Ghana Mulls Syndicated Loans After Abandoning Eurobond Saleby
Concern inability to raise targeted revenue may spark selloff
Lawmakers earlier approved sale for up to $1 billion eurobonds
Ghana is considering raising money through private bank loans, abandoning plans to sell as much as $1 billion of Eurobonds on concern its inability to raise targeted budget revenue may spark an investor selloff.
With-lower-than-expected oil prices, the government can’t raise all the revenue needed to meet the budget gap, the Ministry of Finance said in a statement on its website. That may worry investors in Ghana’s Eurobonds and prompt them to demand higher yields.
Ghana is trying to reduce its budget deficit to 5.3 percent of gross domestic product this year from 6.7 percent last year, based on crude prices averaging $53.05 a barrel. The finance ministry has proposed cutting the benchmark oil price in the budget to as low as $35 a barrel, it said in the statement.
The world’s second-biggest cocoa producer agreed to an almost $1 billion International Monetary Fund program in April 2015 as cocoa output declined and prices of commodities including gold fell.

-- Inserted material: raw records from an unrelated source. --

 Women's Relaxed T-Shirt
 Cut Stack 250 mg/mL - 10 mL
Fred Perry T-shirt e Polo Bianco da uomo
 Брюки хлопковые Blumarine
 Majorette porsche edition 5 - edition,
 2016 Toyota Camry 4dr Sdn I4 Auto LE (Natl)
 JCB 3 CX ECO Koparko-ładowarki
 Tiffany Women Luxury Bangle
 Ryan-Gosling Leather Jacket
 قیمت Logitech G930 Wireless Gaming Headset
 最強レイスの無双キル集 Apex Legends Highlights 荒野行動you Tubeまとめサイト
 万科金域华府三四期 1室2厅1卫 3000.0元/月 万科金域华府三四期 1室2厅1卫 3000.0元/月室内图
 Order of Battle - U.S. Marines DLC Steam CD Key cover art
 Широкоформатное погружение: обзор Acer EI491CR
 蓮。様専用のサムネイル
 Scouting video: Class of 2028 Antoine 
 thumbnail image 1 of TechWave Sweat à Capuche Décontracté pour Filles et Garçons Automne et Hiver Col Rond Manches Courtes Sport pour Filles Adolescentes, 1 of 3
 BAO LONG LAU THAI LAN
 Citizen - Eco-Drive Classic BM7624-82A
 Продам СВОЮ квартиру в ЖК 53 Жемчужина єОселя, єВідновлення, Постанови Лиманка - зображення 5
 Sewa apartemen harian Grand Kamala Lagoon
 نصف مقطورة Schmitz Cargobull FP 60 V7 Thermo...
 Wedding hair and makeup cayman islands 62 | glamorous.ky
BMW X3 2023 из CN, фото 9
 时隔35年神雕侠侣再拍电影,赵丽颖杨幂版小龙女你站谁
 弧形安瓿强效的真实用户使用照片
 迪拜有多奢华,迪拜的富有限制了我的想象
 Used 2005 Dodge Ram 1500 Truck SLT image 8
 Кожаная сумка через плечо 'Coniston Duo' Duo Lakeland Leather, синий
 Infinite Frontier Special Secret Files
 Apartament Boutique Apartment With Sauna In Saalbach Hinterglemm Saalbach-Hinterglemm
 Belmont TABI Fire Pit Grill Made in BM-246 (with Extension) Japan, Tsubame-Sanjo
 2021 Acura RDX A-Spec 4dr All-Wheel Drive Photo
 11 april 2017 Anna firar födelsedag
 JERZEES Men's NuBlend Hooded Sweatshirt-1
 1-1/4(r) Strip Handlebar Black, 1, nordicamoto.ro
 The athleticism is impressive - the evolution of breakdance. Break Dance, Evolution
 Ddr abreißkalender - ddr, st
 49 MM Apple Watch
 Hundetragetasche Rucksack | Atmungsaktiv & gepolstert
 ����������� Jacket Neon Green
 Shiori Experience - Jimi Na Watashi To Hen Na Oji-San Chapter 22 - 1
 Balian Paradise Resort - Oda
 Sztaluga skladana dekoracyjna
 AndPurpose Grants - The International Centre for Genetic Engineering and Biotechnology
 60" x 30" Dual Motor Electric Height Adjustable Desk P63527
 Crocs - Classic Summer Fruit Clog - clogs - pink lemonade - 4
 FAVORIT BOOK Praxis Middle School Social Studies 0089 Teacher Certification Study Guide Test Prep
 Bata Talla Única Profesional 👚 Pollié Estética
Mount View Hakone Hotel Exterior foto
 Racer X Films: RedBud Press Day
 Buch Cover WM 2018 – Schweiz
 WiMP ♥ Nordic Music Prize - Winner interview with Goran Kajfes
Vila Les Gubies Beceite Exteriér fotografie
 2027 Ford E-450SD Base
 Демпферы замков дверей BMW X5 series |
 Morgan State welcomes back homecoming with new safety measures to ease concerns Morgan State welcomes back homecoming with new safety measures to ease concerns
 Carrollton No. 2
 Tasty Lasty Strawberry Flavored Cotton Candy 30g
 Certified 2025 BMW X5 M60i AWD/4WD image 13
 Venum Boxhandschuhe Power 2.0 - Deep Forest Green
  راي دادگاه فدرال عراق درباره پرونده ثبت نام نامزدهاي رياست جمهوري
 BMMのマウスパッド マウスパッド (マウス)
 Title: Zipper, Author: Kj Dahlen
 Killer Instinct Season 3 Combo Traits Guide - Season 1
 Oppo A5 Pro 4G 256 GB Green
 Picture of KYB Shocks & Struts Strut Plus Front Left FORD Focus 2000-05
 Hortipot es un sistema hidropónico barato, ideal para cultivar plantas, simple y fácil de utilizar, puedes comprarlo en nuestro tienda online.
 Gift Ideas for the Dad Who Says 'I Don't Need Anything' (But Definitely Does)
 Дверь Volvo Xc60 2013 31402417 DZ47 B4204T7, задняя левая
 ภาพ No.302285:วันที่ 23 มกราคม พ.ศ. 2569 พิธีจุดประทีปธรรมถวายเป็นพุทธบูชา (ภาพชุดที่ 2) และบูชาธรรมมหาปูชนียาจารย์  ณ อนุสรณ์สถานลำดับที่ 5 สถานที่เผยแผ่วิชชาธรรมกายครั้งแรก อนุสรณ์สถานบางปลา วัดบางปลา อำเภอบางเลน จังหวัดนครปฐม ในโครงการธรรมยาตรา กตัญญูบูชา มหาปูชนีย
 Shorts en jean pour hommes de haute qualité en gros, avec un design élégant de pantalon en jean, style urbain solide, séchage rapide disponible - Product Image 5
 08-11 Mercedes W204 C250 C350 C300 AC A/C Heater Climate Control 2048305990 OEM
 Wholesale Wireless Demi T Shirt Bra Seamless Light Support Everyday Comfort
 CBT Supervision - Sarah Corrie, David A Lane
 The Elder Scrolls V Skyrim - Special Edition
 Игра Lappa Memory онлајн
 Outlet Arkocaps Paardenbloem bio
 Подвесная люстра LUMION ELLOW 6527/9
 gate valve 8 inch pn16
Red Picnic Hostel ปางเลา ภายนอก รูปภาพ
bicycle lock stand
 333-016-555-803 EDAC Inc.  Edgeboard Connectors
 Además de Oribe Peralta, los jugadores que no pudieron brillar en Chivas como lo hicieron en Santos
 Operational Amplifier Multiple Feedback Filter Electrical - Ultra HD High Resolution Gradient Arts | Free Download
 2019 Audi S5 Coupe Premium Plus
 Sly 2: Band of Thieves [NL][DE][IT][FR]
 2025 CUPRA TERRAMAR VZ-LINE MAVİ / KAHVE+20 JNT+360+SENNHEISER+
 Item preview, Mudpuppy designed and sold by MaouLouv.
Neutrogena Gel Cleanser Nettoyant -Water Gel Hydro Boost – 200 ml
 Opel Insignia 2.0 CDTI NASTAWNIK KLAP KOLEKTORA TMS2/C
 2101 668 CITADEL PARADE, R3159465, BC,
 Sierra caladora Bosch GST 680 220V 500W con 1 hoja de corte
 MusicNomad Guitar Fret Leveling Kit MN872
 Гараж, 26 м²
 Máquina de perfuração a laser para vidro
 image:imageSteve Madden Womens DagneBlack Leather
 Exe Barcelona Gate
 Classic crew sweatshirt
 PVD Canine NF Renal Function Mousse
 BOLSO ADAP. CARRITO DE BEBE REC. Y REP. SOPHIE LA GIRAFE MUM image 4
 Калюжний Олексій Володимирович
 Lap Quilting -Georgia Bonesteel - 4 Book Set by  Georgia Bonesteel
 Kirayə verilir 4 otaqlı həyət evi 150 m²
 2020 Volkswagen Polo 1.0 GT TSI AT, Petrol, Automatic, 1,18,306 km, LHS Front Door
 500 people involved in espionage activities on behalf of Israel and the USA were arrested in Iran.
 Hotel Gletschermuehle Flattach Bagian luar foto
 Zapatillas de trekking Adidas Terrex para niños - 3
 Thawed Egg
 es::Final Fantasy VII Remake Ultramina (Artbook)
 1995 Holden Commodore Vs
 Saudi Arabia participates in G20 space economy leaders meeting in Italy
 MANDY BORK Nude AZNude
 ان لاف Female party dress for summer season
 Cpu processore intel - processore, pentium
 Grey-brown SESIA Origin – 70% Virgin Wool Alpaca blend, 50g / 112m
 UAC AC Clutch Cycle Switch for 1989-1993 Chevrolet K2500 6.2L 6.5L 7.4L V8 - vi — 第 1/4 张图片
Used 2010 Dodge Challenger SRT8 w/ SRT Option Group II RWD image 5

The program was intended to help rein in the budget deficit, which topped 10 percent of GDP for a third year in 2014, and halt declines in the currency. The cedi has strengthened 0.1 percent against the dollar this year.
The proceeds from syndicated loans will also be used to refinance dollar bonds maturing in October 2017, with a $531 million balance outstanding, the ministry said. Private loans would be sought in combination with multilateral and bilateral facilities, according to the government. A balance of $257 million available from last year’s Eurobond proceeds and past oil revenue savings currently amounting to $105 million will also be used to refinance the 2017 maturities.
Ghana will still sell a Eurobond if oil prices rise, the Finance Ministry said.